Your objective
Only these lines of the data below are wanted: the one with "46 N Barrett Square, Unit #303", the one with "CK Everyone Eau de Parfum - CK", and any lines between them, each repeated exactly.

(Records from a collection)
********************

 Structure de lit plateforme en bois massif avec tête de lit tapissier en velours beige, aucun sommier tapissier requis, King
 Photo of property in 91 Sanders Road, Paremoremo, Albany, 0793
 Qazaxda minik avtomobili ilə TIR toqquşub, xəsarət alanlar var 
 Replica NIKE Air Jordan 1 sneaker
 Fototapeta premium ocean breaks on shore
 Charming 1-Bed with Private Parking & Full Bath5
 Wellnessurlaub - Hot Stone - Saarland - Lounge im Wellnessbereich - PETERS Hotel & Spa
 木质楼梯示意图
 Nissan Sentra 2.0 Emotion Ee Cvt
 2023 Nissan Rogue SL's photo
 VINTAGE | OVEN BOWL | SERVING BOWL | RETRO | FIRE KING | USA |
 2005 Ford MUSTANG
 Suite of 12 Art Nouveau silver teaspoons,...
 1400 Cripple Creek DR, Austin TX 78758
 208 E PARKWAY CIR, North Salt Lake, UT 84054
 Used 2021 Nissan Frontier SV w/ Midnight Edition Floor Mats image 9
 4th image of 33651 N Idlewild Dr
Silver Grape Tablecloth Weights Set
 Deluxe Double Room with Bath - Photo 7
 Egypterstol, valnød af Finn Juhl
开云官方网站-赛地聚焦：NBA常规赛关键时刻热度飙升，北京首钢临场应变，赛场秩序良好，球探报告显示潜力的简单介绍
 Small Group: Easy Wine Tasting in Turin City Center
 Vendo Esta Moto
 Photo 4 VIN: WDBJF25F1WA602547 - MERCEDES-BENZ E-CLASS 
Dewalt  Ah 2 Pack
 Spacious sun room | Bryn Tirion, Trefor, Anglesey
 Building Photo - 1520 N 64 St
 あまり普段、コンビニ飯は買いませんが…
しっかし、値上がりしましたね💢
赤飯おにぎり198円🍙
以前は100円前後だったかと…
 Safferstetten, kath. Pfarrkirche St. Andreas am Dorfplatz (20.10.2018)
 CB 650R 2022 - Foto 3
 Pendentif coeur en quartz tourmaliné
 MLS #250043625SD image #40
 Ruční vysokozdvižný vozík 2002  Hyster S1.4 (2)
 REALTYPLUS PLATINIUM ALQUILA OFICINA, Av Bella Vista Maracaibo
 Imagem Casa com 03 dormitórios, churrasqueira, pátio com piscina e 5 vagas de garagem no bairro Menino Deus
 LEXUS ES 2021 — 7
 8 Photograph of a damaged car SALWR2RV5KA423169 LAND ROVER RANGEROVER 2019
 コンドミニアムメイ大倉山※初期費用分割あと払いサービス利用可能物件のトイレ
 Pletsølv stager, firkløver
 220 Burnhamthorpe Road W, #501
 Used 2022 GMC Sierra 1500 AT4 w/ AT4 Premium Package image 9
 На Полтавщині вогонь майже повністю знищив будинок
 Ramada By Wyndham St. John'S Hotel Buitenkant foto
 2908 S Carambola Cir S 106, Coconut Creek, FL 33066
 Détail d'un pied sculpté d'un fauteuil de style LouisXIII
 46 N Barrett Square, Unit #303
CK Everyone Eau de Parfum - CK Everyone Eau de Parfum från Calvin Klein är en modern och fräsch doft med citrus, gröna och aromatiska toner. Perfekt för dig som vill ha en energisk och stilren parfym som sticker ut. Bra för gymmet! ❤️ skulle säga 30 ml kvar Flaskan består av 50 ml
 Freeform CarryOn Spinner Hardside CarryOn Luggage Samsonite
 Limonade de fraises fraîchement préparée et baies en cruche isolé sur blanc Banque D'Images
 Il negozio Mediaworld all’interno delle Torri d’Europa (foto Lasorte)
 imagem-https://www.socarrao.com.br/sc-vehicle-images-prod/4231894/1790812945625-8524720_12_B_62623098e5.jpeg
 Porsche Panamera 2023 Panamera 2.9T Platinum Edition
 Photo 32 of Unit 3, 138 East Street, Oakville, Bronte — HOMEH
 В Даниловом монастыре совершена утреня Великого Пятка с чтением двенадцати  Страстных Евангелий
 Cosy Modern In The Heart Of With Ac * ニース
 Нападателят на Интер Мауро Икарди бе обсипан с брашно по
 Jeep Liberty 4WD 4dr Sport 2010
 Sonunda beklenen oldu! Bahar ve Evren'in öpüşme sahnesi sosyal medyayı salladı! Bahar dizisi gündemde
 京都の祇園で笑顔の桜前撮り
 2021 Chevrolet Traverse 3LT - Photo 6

********************

Expected answer
 46 N Barrett Square, Unit #303
CK Everyone Eau de Parfum - CK Everyone Eau de Parfum från Calvin Klein är en modern och fräsch doft med citrus, gröna och aromatiska toner. Perfekt för dig som vill ha en energisk och stilren parfym som sticker ut. Bra för gymmet! ❤️ skulle säga 30 ml kvar Flaskan består av 50 ml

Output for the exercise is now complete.